Harvard Business Review – The Indispensable Power of Story
April 18, 2014
By Anthony Tjan
Some people have a way of making the complex clear. They know who they are, why they do what they do, and where they want to go. Because they have internalized all this, they are able to sharply crystallize ideas and vision. They speak in simple, relatable terms. And they can get a lot accomplished.

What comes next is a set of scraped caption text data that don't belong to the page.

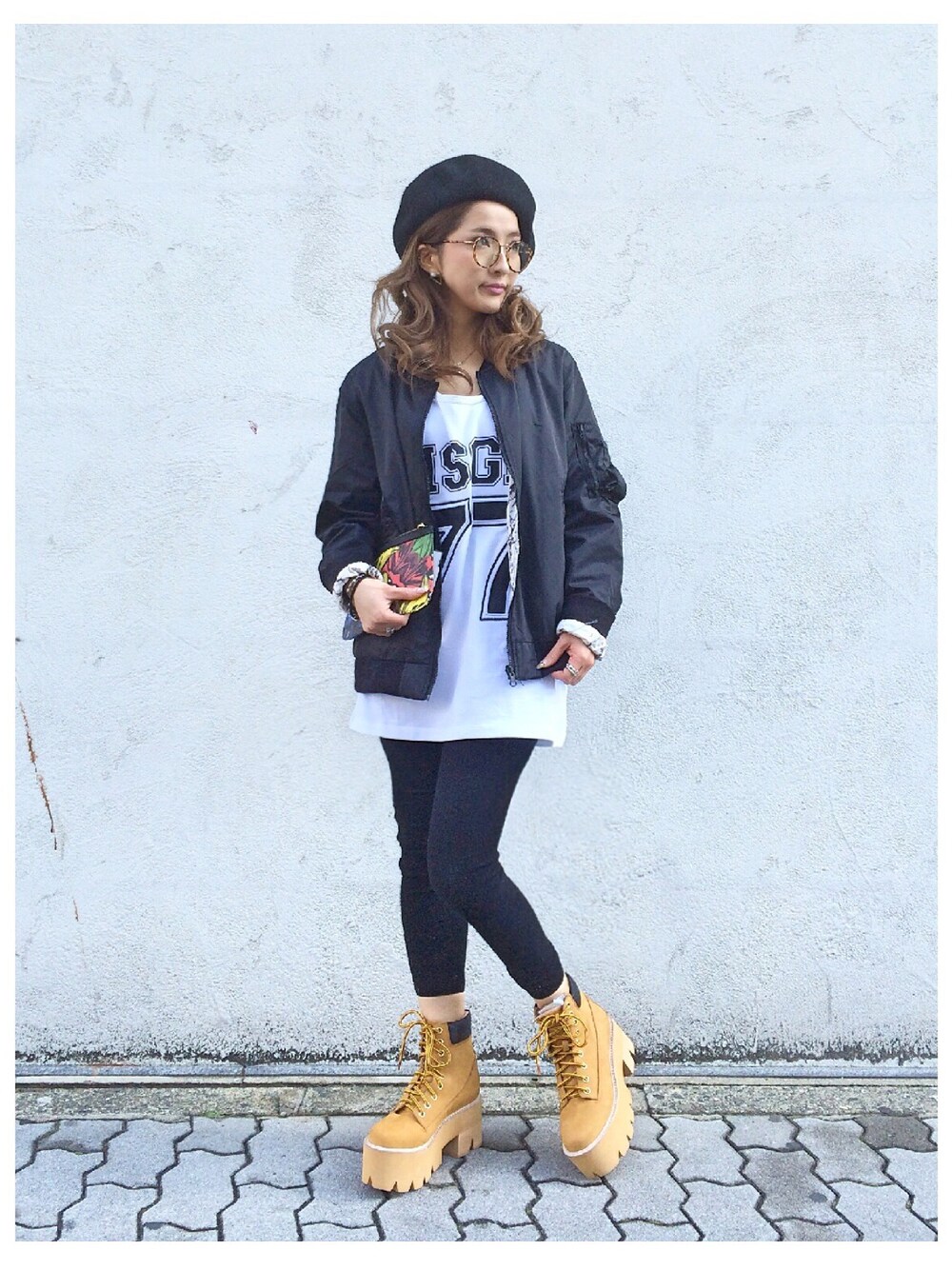 「ゆったりコーデ、スポーツミックス、MA1、MSGM、ベレー帽×メガネ、LHP」｜「L.H.PのLHP/エルエイチピー/WhiteLandBlackBurn/ホワイトランドブラックバーン/Marble Graphic Reversible MA-1（ミリタリージャケット、その他）」を使った、hanae maruiさん（レディース・155cm）の冬コーディネートの1枚目の写真
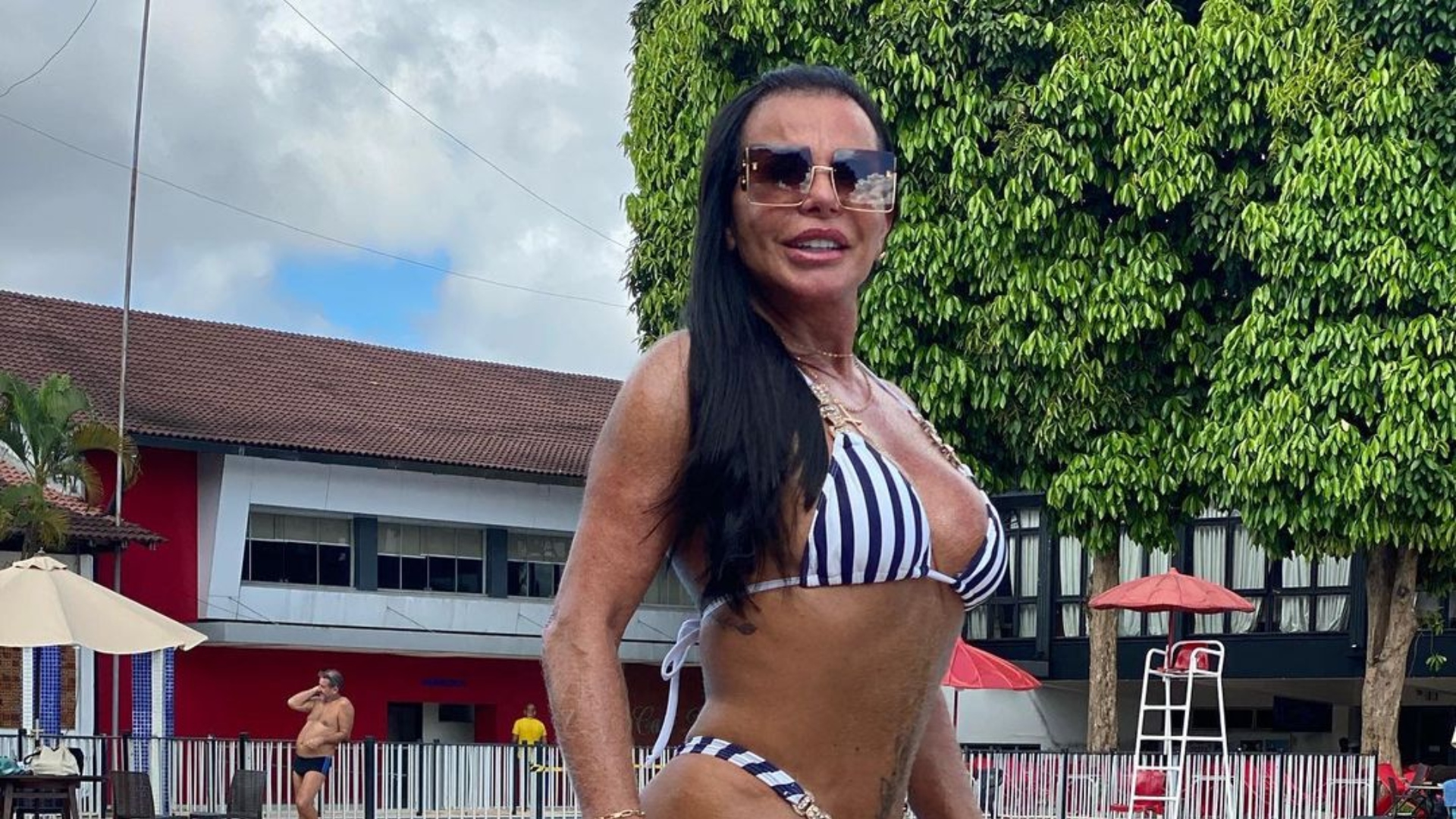 Gretchen esbraveja e rebate críticas sobre seu corpo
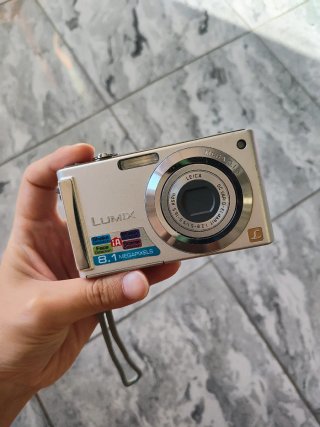 Fotocamera Digitale Lumix 8.1 Megapixel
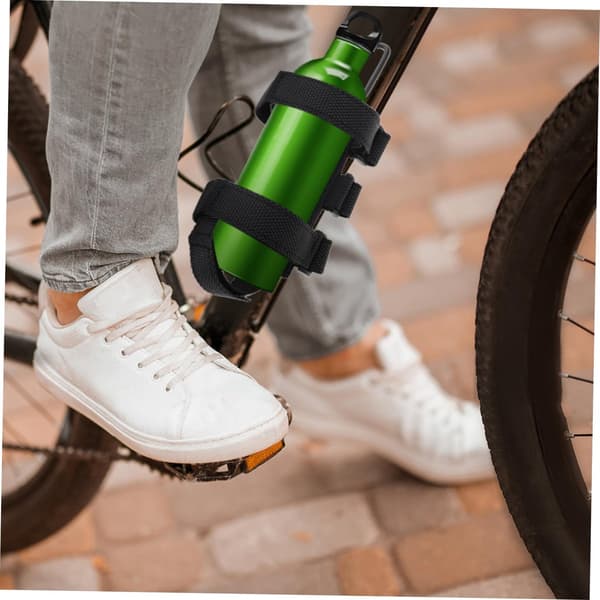 Flexibla vattenflaskhållarremmar för cyklar, multifunktionellt högtalarfäste, bärbart för utomhusbruk.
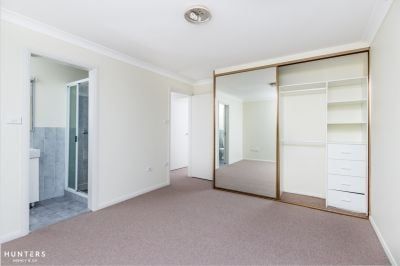 Three Bedroom Townhome - Walk To Shops & Schools - Photo 2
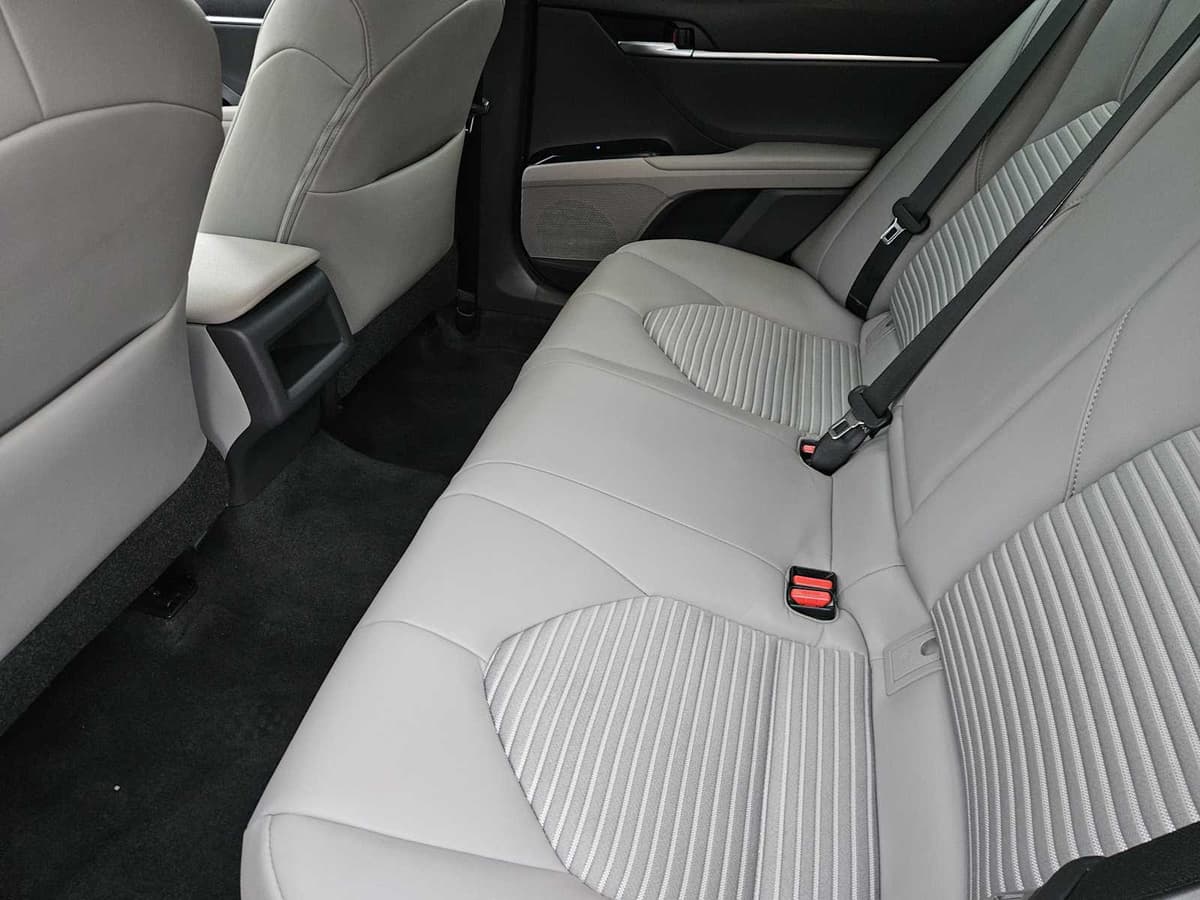 2019 Toyota Camry - Image 29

Making your words understandable and inspirational isn’t about dumbing them down. Instead, it requires bringing in elements such as anecdote, mnemonic, metaphor, storytelling, and analogy in ways that connect the essence of a message with both logic and emotion. Almost everyone leading or creating has a vision, but the challenge is often expressing it in ways that relate and connect. Quick, think of some former Presidents of the United States and presidential candidates. Which ones are most memorable? Which ones are most likable? Which ones won? The leaders who stick in your mind are likely the ones who humanize their message and deliver it in ways that connect with everyone at some level, in turn inspiring others to relate to them while better appreciating the mission at hand.
I have enormous respect for poets and writers who are able to touch our souls and enhance our understanding of concepts and ideas by writing simply and straightforwardly. Take, for example, Arthur Miller’s Death of a Salesman — the tale of a tragic hero, Willy Loman, whose fallibility lies in his lack of self-awareness. The play’s enduring power comes from its straightforward telling of the human story — our aspirations and disappointments and how we deal with them. There is something in it for almost everyone to relate to.